What to produce ▸
Begin at the line with "Argentine 10 Pesos, Général Belgrano - 1976" and set down each line exactly until the listing ends. Images stay out.

Segment Open

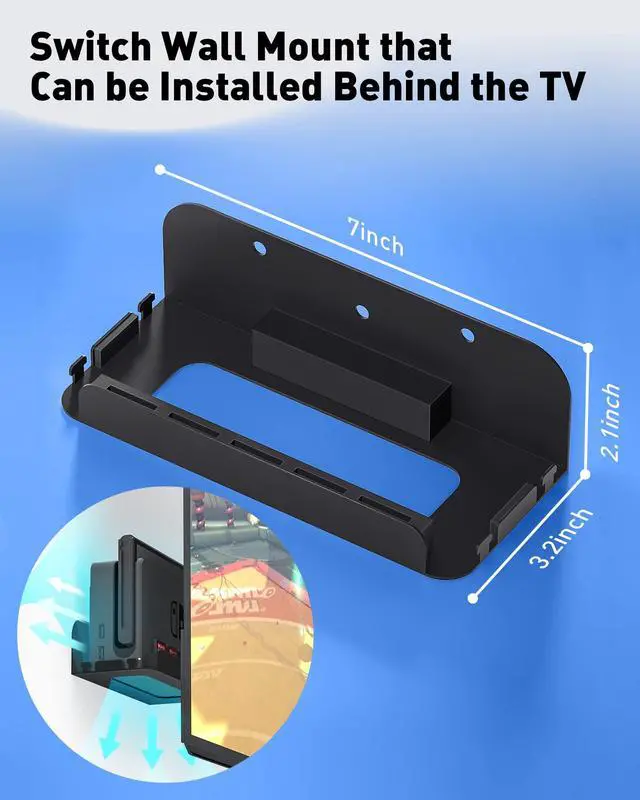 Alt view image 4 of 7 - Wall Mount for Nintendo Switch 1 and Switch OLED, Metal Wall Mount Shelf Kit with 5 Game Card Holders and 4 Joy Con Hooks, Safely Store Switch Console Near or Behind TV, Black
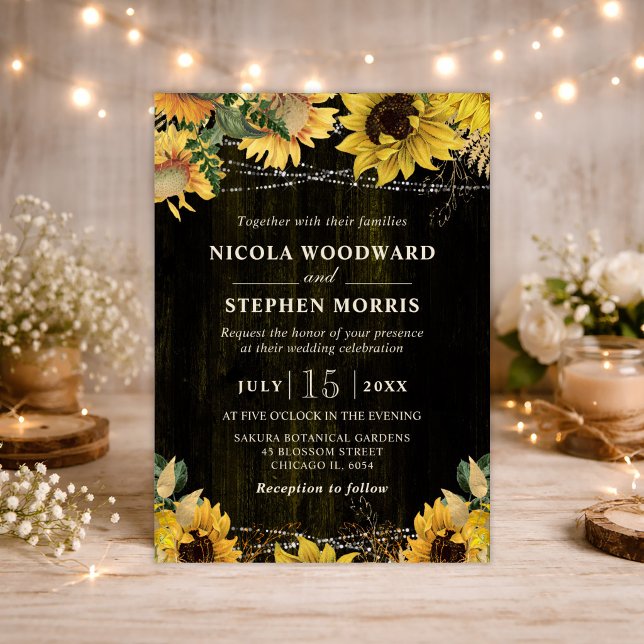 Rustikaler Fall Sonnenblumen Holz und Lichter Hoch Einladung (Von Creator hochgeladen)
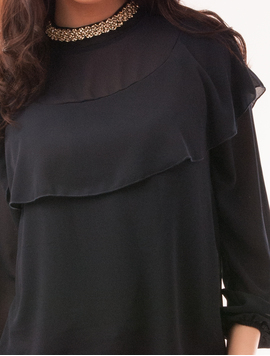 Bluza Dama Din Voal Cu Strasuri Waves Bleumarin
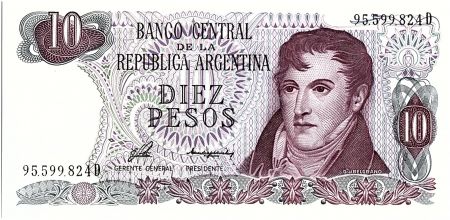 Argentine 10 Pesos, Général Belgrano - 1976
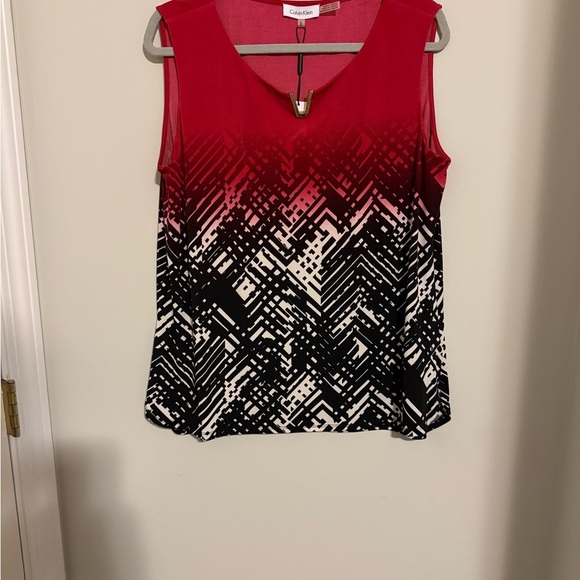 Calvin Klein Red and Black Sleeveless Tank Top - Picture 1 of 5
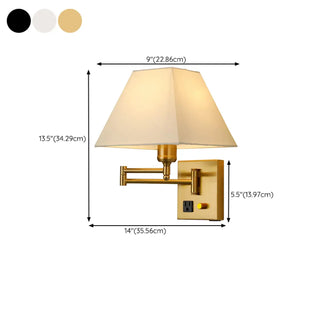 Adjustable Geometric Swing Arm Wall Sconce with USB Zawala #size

Segment Closed

Task output ▸
 Argentine 10 Pesos, Général Belgrano - 1976
 Calvin Klein Red and Black Sleeveless Tank Top - Picture 1 of 5
 Adjustable Geometric Swing Arm Wall Sconce with USB Zawala #size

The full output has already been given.